I have created an example grammar TestGrammar.g4 to illustrate my problem:

grammar TestGrammar;

Member_of : 'MEMBER OF';

Identifier : [a-z]+
           ;

WS: [ \n\t\r]+ -> channel(HIDDEN);

parseSimpleExpression : (Identifier '.')+ Identifier
                      ;

collection_member_expression : parseSimpleExpression Member_of parseSimpleExpression
                            ;

Following code shows the invocation of the parser:

String expression = "x.a MEMBER OF y.a";
TestGrammarLexer l = new  TestGrammarLexer(new ANTLRInputStream(expression));
CommonTokenStream tokens = new CommonTokenStream(l);
TestGrammarParser p = new TestGrammarParser(tokens);
p.setErrorHandler(new BailErrorStrategy());
ParserRuleContext ctx = p.parseSimpleExpression();

My expectation is that ANTLR throws a syntax error on the input x.a MEMBER OF y.a, however it does not. Instead it consumes only part of the input (x.a MEMBER OF) and finishes successfully.

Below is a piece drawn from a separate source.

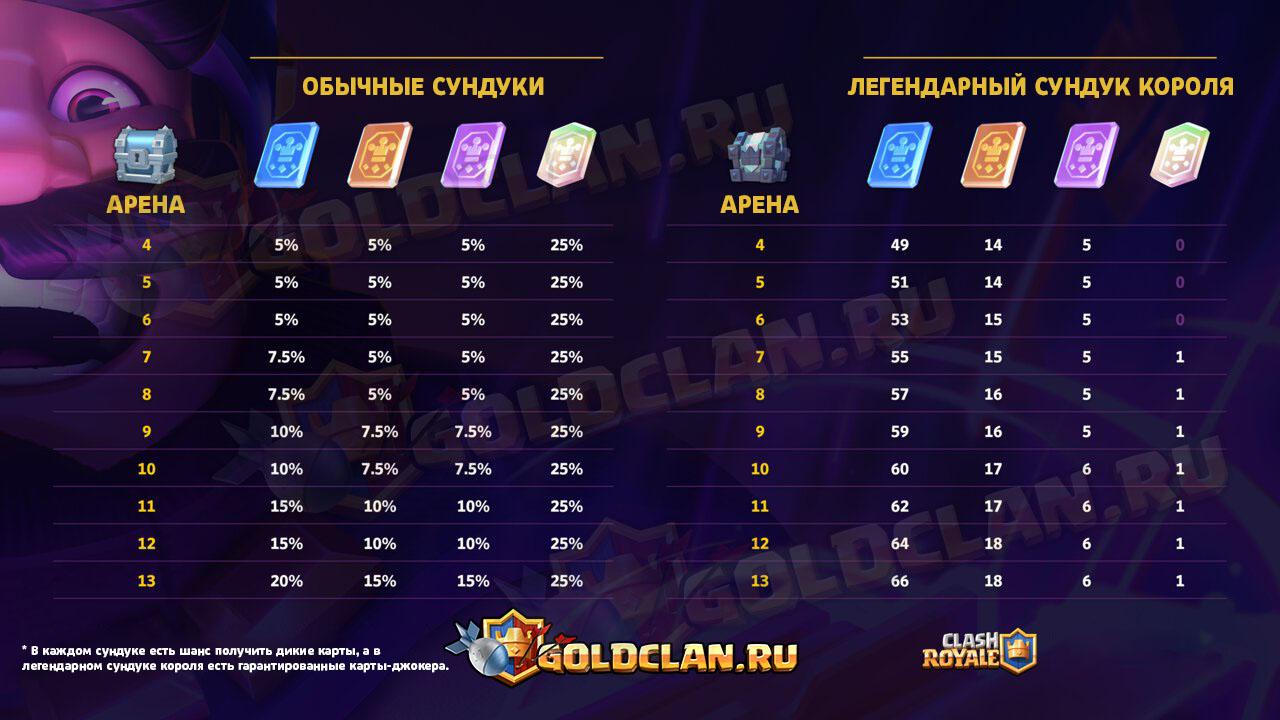 Карты-джокера в сундуках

Now, when I remove the last rule from the grammar, ANTLR throws a syntax error as expected. I don't understand this behaviour since the last grammar rule should not even be involved in the parsing since it is neither directly nor indirectly referenced by the start rule.

1

1 Answers

2
votes

ANTLR isn't supposed to throw an exception. With the code:

String expression = "x.a MEMBER OF y.a";
TestGrammarLexer l = new  TestGrammarLexer(new ANTLRInputStream(expression));
CommonTokenStream tokens = new CommonTokenStream(l);
TestGrammarParser p = new TestGrammarParser(tokens);
p.setErrorHandler(new BailErrorStrategy());
ParserRuleContext ctx = p.parseSimpleExpression();

you're simply instructing ANTLR to parse (Identifier '.')+ Identifier, which it happily does since "x.z" is the first part of the input and matches the parseSimpleExpression production.

The fact that there are more tokens left in the token stream does not matter. If you want to make sure the entire input is consumed, you will need to anchor your rule with the EOF token:

parseSimpleExpression : (Identifier '.')+ Identifier EOF
                      ;

Moritz Becker wrote

... however it does not. Instead it consumes only part of the input (x.a MEMBER OF) and ...

No, that is not true, it only consumes "x.a" as you can verify yourself by printing what the context has matched:

System.out.println(ctx.getText()); // prints "x.a"

And if I remove the collection_member_expression rule from the grammar and regenerate the parser classes and rerun the the code above, it behaves exactly the same.